« Tic-tac, tic-tac… » rappelle fréquemment la musique de Hans Zimmer : c’est que le temps presse à Dunkerque, où les troupes allemandes se rapprochent de la poche de résistance alliée qui tente de fuir pour rejoindre l’Angleterre. De fait, le nouveau film de Christopher Nolan se présente avant tout comme une machine rythmique reposant sur deux tempos dictant la vitesse du récit. Le premier, qui se manifeste à l’échelle des séquences, épouse une logique presque abstraite et en cela assez surprenante de la part du réalisateur d’Inception : le tempo imposé aux scènes, c’est celui d’une fuite face à la mort, invisible (pas un soldat allemand n’apparaît à l’écran, seuls les avions de la Wehrmacht font exception) qui règne au-delà du plan – au-delà des dunes, en dessous de la mer d’où jaillissent des torpilles, dans le hors-champ d’où sont tirées des balles qui fusent sur les soldats dans la scène d’ouverture. Nolan trouve dans l’épure du film d’action, domaine dans lequel il n’est pourtant pas le plus à l’aise, la matière à travailler un mouvement au beau potentiel, qui consiste à filmer des actions très concrètes – toutes les astuces et décisions qui permettront aux soldats de s’échapper vivants de Dunkerque – pour retranscrire un horizon métaphysique – échapper momentanément à la mort qui guette chacun.
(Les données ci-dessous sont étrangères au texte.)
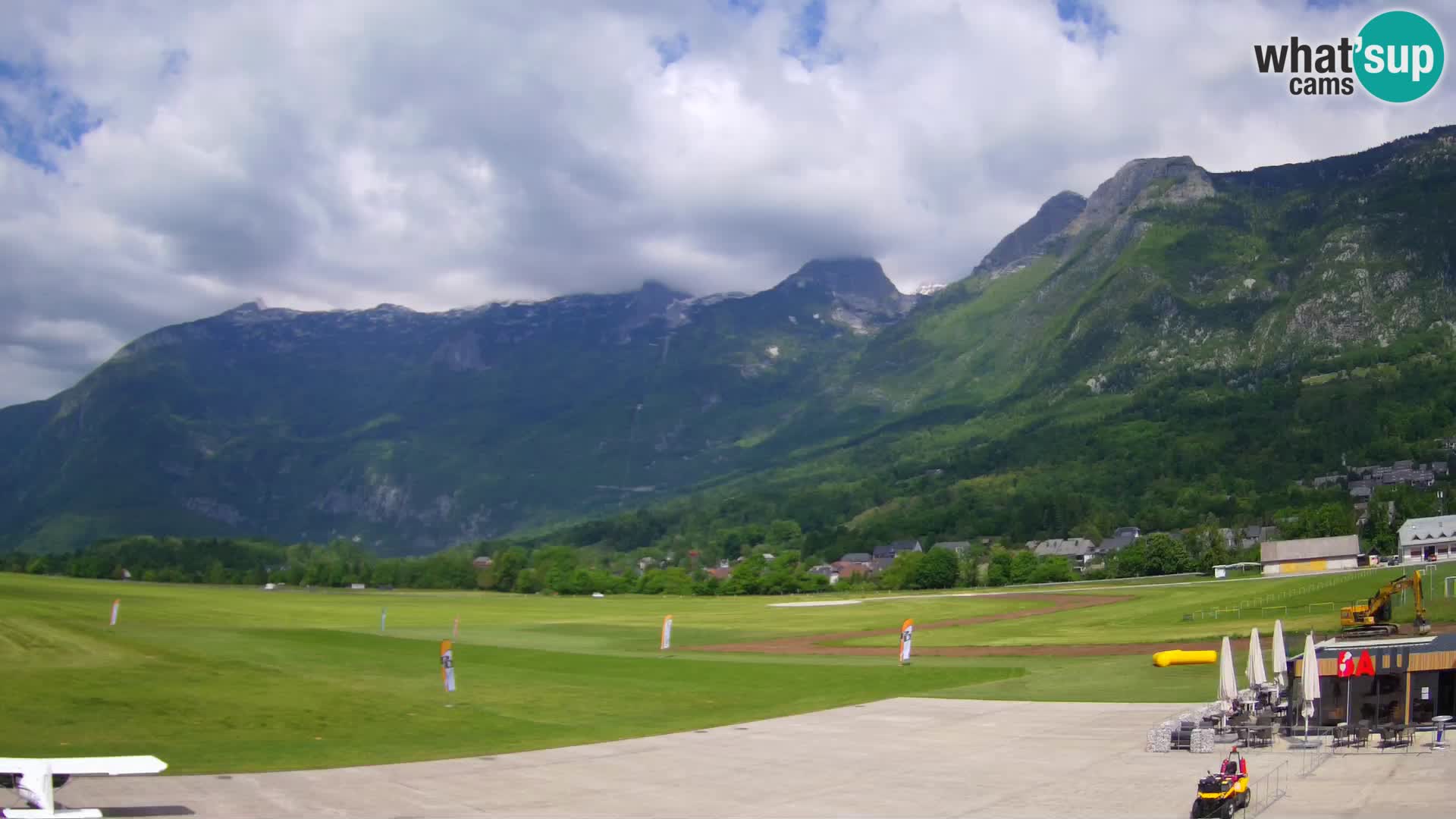 Webcam en direct Aéroport de Bovec – Vue sur Kanin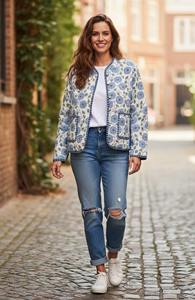 Chaqueta Acolchada de Algodón Hecha a Mano: Estampado de Bloques de Safari en la Jungla, Reversible con Puntada Kantha - Product Image 5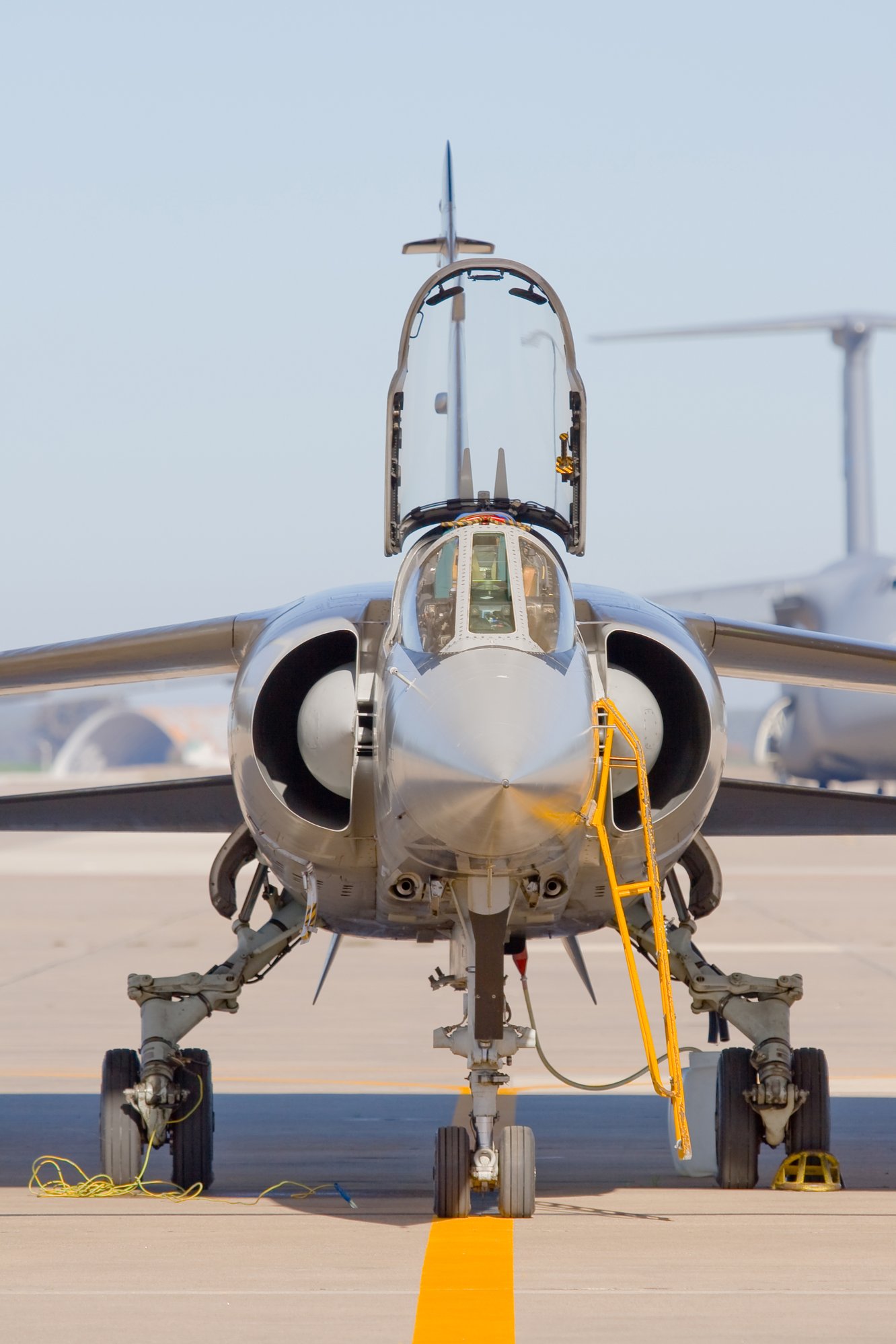 military-aircraft-2023-11-27-05-21-37-utc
Dunkerque pourrait être le meilleur film de Nolan s’il s’en tenait à ce seul principe et ne souscrivait pas à un deuxième tempo, qui tend à écraser le premier, et qui gouverne quant à lui l’organisation du montage. Trois lignes temporelles nous sont présentées en introduction : une, au temps plus distendu (une semaine), prend place à Dunkerque, la deuxième, plus resserrée (une journée), suit la mission d’un bateau de plaisance qui vogue vers la ville française pour secourir les soldats piégés, tandis que la troisième, purement aérienne, suit une heure de la vie d’un pilote et de ses combats face aux avions allemands. L’entrelacement de ces trois lignes narratives permet de multiplier les points de vue et les décalages temporels (par exemple : filmer un amerrissage à la fois du ciel puis de la mer) mais souscrit surtout par ailleurs à une logique d’intensité.
L’intensité suspendue
Depuis The Dark Knight et ses deux ferries qui se tenaient en joue, en passant par la camionnette suspendue d’Inception jusqu’au montage parallèle d’Interstellar qui entrelaçait un combat à mains nues sur une planète inconnue et un incendie sur Terre, Nolan ne cesse de chercher à suspendre la note de l’intensité, à la répartir sur plusieurs pans narratifs et espaces-temps afin de la maintenir le plus longtemps possible. Cet impératif rythmique, dont la conséquence est de mettre sur le même plan des actions distinctes, accouche certes de conflits dramaturgiques (toujours les mêmes, toujours aussi pauvres : faut-il mieux privilégier une option A – sauver un homme, faire demi-tour, etc. – ou une option B, qui demande un sacrifice supplémentaire mais dont le « gain » serait plus grand ?), mais qui valent peu face à l’appauvrissement que cause cette mécanique. Tout dédier au montage parallèle, c’est en effet déplacer le cœur névralgique de l’écriture : la mise en scène de Nolan obéit moins à une logique qui gouvernerait le plan ou la scène (par exemple : échapper à l’espace de la mort, comme dans les meilleures scènes du film) qu’à une autre, éreintante, qui intrigue un temps mais révèle ses limites à la longue (que raconte in fine le film, si ce n’est, un peu grossièrement, que les forces distinctes en jeu dans le récit forment un ensemble uni ?). Nolan, en dépit de ses qualités, semble coincé dans une boucle dont il lui faudra sortir s’il souhaite passer à la vitesse supérieure, quitte à perdre un peu en intensité pour gagner en consistance.